I first learned about spirit animals while in Santa Fe, New Mexico for an astrology workshop a few years back. While we were there, a friend who was also a fellow attendee wanted to check out this little shop that sold Zuni fetishes. If you’re not familiar with fetishes, they are small, stone carvings of different animals that are then typically blessed by the tribe’s shaman. The shop was a pretty amazing place with a surprisingly reverent feel. To be honest, I’ve been in churches that felt less holy. Patrons within were examining these amazing works of art, seeking those with which they felt a spiritual connection.
I guess you could call this the original “self-help” program, where you identify the animal that has the characteristics that reflect your situation, then meditate on that animal so you can acquire (or in some cases release) the traits represented, thus making that animal your “spirit animal”. You won’t necessarily have the same spirit animal throughout your life, but rather turn to the one most relevant for your situation at the time.

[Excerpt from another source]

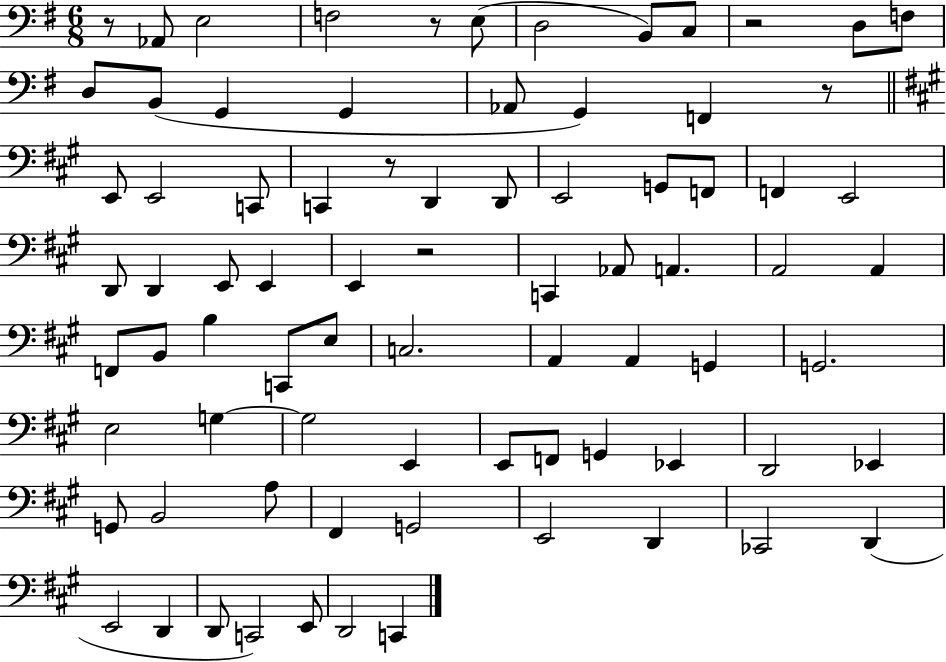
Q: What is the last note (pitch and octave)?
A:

I wound up buying two that I was drawn to, a cougar and a raven. Oddly enough, I already had a picture of a cougar on my wall (shown above) that I’d had for years. It was a notecard sent by a dear friend that I liked so much I framed it and put up in my office. I’d nearly forgotten about it until I got home and noticed how much my newly acquired fetish looked like the picture. Later, when I read about the fetishes’s meaning, they were spot-on.
Spirit animals are associated with the Native American Medicine Wheel, which includes the mountain lion (cougar), black bear, badger, white wolf, eagle and mole, which represent each of the six directions (four cardinal, i.e. north, south, east, and west, plus up and down). The meaning of each animal is based on the characteristics it displays.
The Mountain Lion or Cougar is Guardian of the North. She represents wisdom that comes from experience, our successes and failures, the recognition of life’s cycles and forces greater than ourselves.
The White Wolf is Guardian of the East. He represents our quest for higher knowledge. The East, where the Sun rises each day, is the place of new beginnings, and the direction from which great teachers arrive.
The Badger is Guardian of the South. I remember seeing a documentary on badgers and being surprised at how aggressive they are. They represent the needs of the ego and physical body and how we may destroy or injure others as we pursue what we want when we’re obsessed with our basic human needs.
The Black Bear is Guardian of the West. She signifies personal strength and introspection that will lead to wisdom through spiritual understanding.
The Eagle, Guardian of the Upper Regions, represents pursuing the heights. This is taking time to view the big picture, forget the moment, no matter how difficult, and absorb the greatness around us.
The Mole, Guardian of the Lower Regions, burrows within. Blind to all other than the perception of stark dark and light, the mole gathers information through the other senses–vibrations, smell, taste, sounds, touch. These heighten awareness of the Earth itself, plant life that nourishes us, aquifers, minerals.
Ideally, you would have a fetish representing each of these animals and you would arrange them all in their respective directions in a circle, all facing inward to represent the proper integration of these principles. You could use a picture instead so as to have the visual image, though having the fetish, which you can hold and feel its energy, is more effective.
Ponder each of the above pictures individually and see if you react to any at a visceral level. If not, don’t worry, there are other options. Any animal that comes to mind can function as your spirit animal provided you understand its message for you.
You can have more than one spirit animal and add them as needed. You don’t have to have an actual fetish carving to do so, but they serve as a visual aid or talisman. There’s a bit of a ritual that goes along with it, where you “feed” the fetish, usually consisting of ground blue corn, which they will give you when you buy a fetish. Each day you’re supposed to do so, which of course is a reminder to ponder the animal and whatever characteristic you wish to emulate from its example.
Other animals include the coyote, snake, raven, falcon, owl, rabbit, fox, armadillo, turtle, frog, deer (also bison), and horse. You can add these to the wheel as your intuition dictates. In my case, the raven represented a time of transformation. I had recently retired and was letting go of my previous life to start a new one. Transformations are a death of sorts. As an astrologer, this concept is represented by the planet Pluto and, at that time, I was in the midst of a “Pluto transit” as well.
It seems no one is trouble-free these days. Even the Earth herself is unhappy, reflecting through this insidious heatwave and volcanic action the collective anger and abused power all around us. This is clearly a time when this Native American wisdom can benefit each of us and hopefully return our planet to peace and sanity.
The Southwest Indian Foundation has some fetishes for sale in their catalog. If you want to know more about spirit animals and use of the medicine wheel, a really good book on the subject is “Zuni Fetishes: Using Native American Objects for Meditation, Reflection, and Insight” by Hal Zina Bennett. Last I checked, they have it on Amazon.